I think the most bullish case is that they delivered 20k less cars q3 2021 and decided to close all 7 days from Oct1-7 due to the holiday. This year Tesla decided to pay triple time just to remain open which is 20k more cars being made at lower margins so there's demand somewhere.

Just a thought, but since Q2 was bad due to Covid shutdown, Tesla might have been better off not trying to undo the wave in Q3.
Ya Elon doesn't care about stock price and short term don't matter, but it would have done all investors lots of good if we did not have 2 quarters of perceived underperformance (regardless of what the reason was).

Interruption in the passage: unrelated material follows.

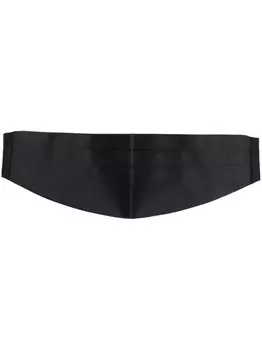 Fursac шелковый камербанд со складками, синий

Also it's not just like analysts are wrong, Tesla has guided for 50% yearly growth -- I think it is out of the question now?
 
Just a thought, but since Q2 was bad due to Covid shutdown, Tesla might have been better off not trying to undo the wave in Q3.
Ya Elon doesn't care about stock price and short term don't matter, but it would have done all investors lots of good if we did not have 2 quarters of perceived underperformance (regardless of what the reason was).

Also it's not just like analysts are wrong, Tesla has guided for 50% yearly growth -- I think it is out of the question now?
50% is definitely not out of the question. I believe it would just require Tesla to delivery something like 475k for Q4.
 
Just a thought, but since Q2 was bad due to Covid shutdown, Tesla might have been better off not trying to undo the wave in Q3.
Ya Elon doesn't care about stock price and short term don't matter, but it would have done all investors lots of good if we did not have 2 quarters of perceived underperformance (regardless of what the reason was).

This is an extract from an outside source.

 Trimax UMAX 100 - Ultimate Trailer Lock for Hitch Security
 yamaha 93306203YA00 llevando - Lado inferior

Also it's not just like analysts are wrong, Tesla has guided for 50% yearly growth -- I think it is out of the question now?
«Over a multi-year horizon, we expect to achieve 50% average annual growth in vehicle deliveries»
 
I think the most bullish case is that they delivered 20k less cars q3 2021 and decided to close all 7 days from Oct1-7 due to the holiday. This year Tesla decided to pay triple time just to remain open which is 20k more cars being made at lower margins so there's demand somewhere.
The fact that they aren’t closing Shanghai for the first 7 days is bullish for Q4.

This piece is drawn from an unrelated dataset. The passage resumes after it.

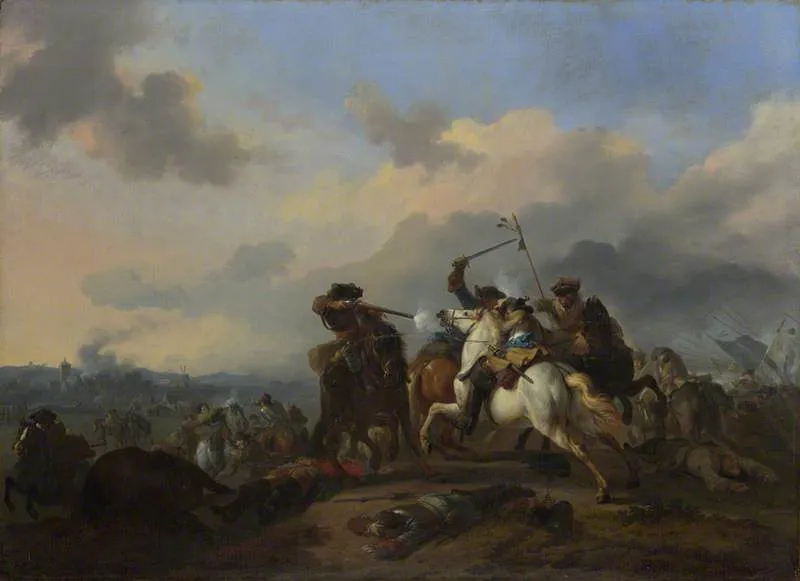 A Battle — Jan Van Huchtenburgh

As you mentioned in one of earlier posts, based on what we know from China for Q3 and the total P/D for Q3 for all of Tesla, either Fremont, Berlin, or Austin did better than expected, which is also bullish for Q4.

But I expect neither to be recognized by Wall St for much of q4 until we get data for Oct and Nov from China and European registrations.

Q4 really comes down to put up or shut up for both the bull camp and the bear camp. If you’re a bull and don’t believe demand isn’t an issue, all the ingredients are there for Tesla to do 475-500k…..as long as there’s no further production interruptions.

If you’re a bear and think demand is a genuine concern, the Tesla won’t have enough demand to even deliver 400k.

I don’t think I’ve ever seen a quarter where the dynamics at play given the share price today have set up such a high stakes game of poker. The gap between the bull thesis and the bear thesis on a single quarter is wider than I’ve ever seen before.